As to each and every Claim released hereunder, Borrower and each Subsidiary Guarantor also waives the benefit of each other similar provision of applicable federal or state law (including without limitation the laws of the state of California), if any, pertaining to general releases after having been advised by its legal counsel with respect thereto.
Borrower and each Subsidiary Guarantor each acknowledges that it may hereafter discover facts different from or in addition to those now known or believed to be true with respect to such Claims and agrees that this instrument shall be and remain effective in all respects notwithstanding any such differences or additional facts. Each Borrower and each Subsidiary Guarantor understands, acknowledges and agrees that the release set forth above may be pleaded as a full and complete defense and may be used as a basis for an injunction against any action, suit or other proceeding which may be instituted, prosecuted or attempted in breach of the provisions of such release.
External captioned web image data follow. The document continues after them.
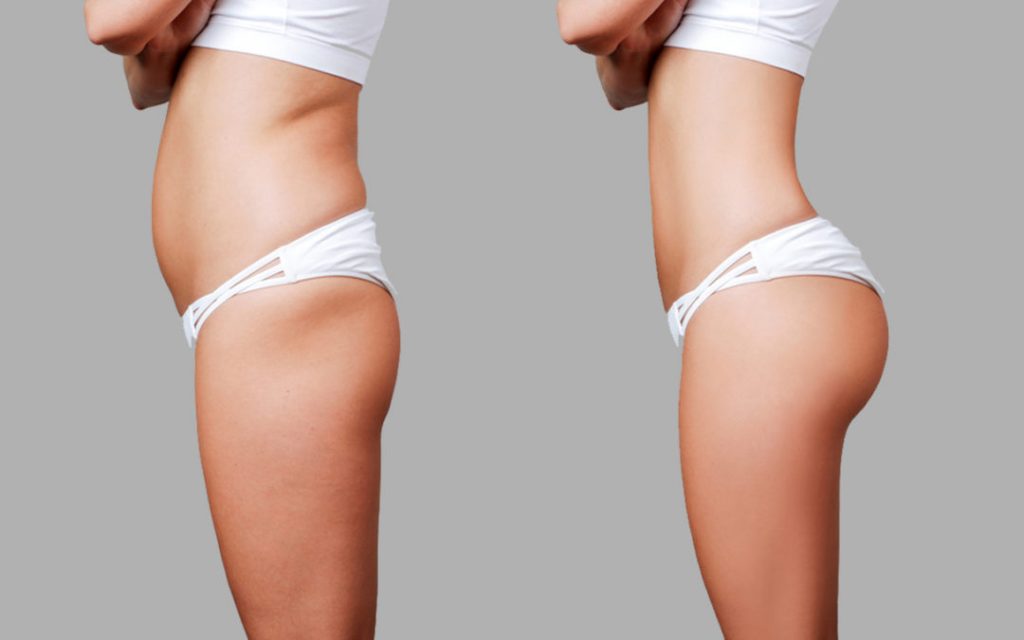 la abdominoplastia o la liposucción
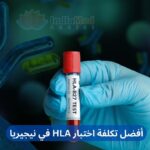 Best HLA Test Cost in Nigeria Arabic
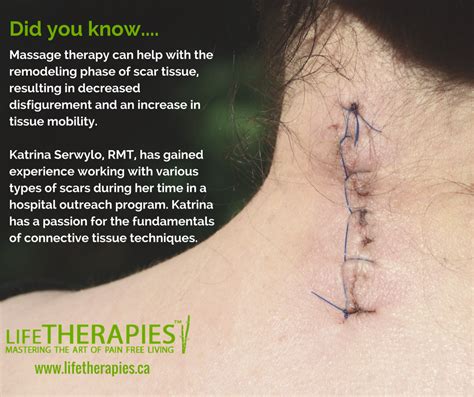 Massage Therapy Assists with Scar Remodeling • Life Therapies - Health and Wellness Centre Ottawa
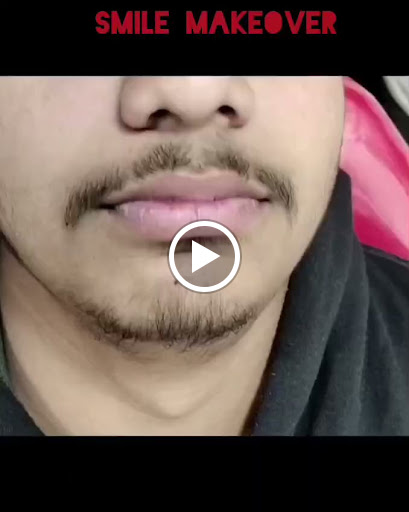 From hiding their smile to showing it off with confidence! post image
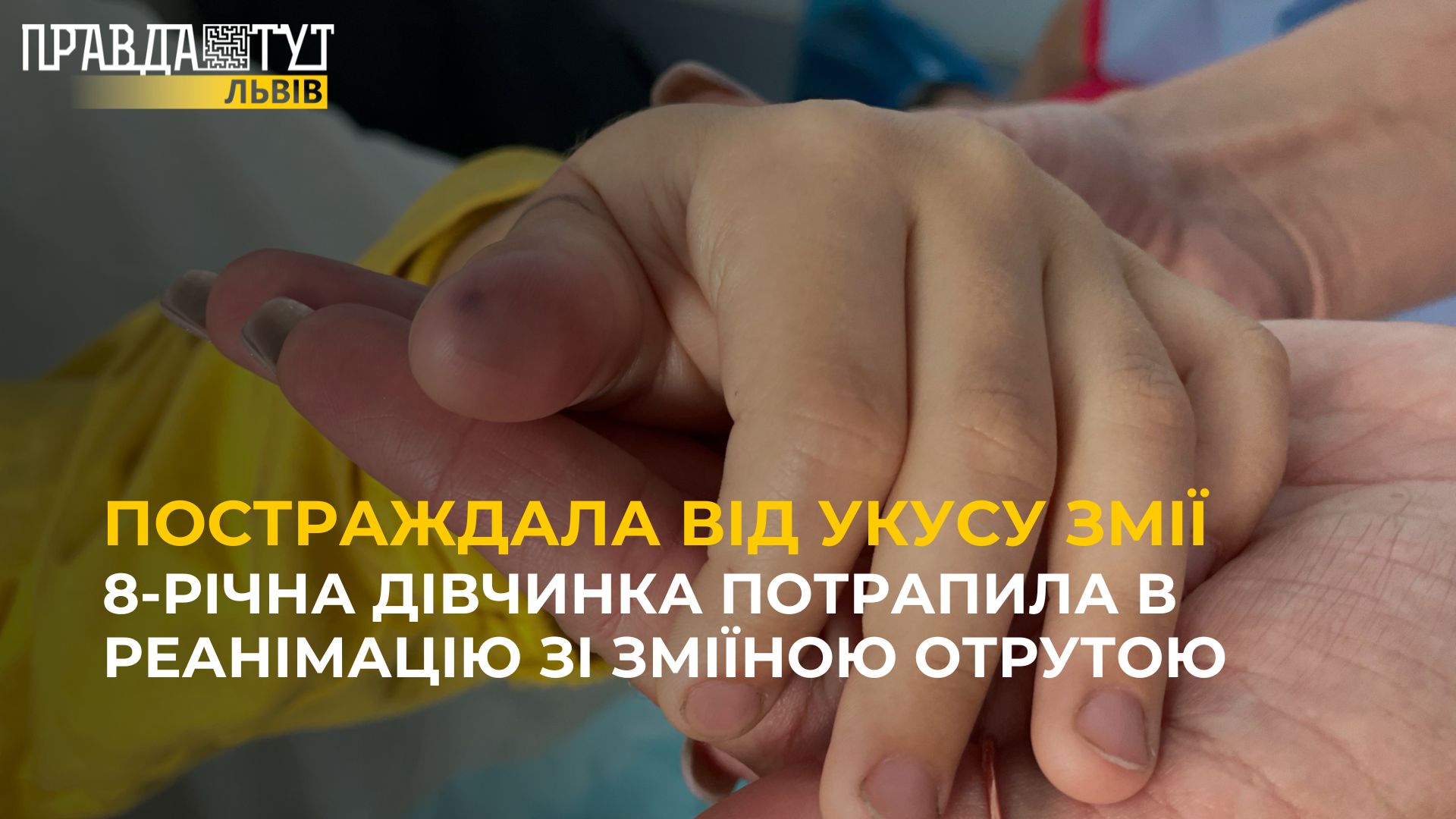 8-річна дівчинка постраждала від укусу змії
(c) Each of Borrower and each Subsidiary Guarantor, for itself and on behalf of its successors, assigns, and officers, directors, employees, agents and attorneys, and any Person acting for or on behalf of, or claiming through it, hereby absolutely, unconditionally and irrevocably, covenants and agrees with and in favor of each Releasee above that it will not xxx (at law, in equity, in any regulatory proceeding or otherwise) any Releasee on the basis of any Claim released, remised and discharged by such Person pursuant to the above release. If Borrower or any Subsidiary Guarantor or any of its respective successors, assigns, or officers, directors, employees, agents or attorneys, or any Person acting for or on behalf of, or claiming through it violate the foregoing covenant, such Person, for itself and its successors, assigns and legal representatives, agrees to pay, in addition to such other damages as any Releasee may sustain as a result of such violation, all attorneys’ fees and costs incurred by such Releasee as a result of such violation.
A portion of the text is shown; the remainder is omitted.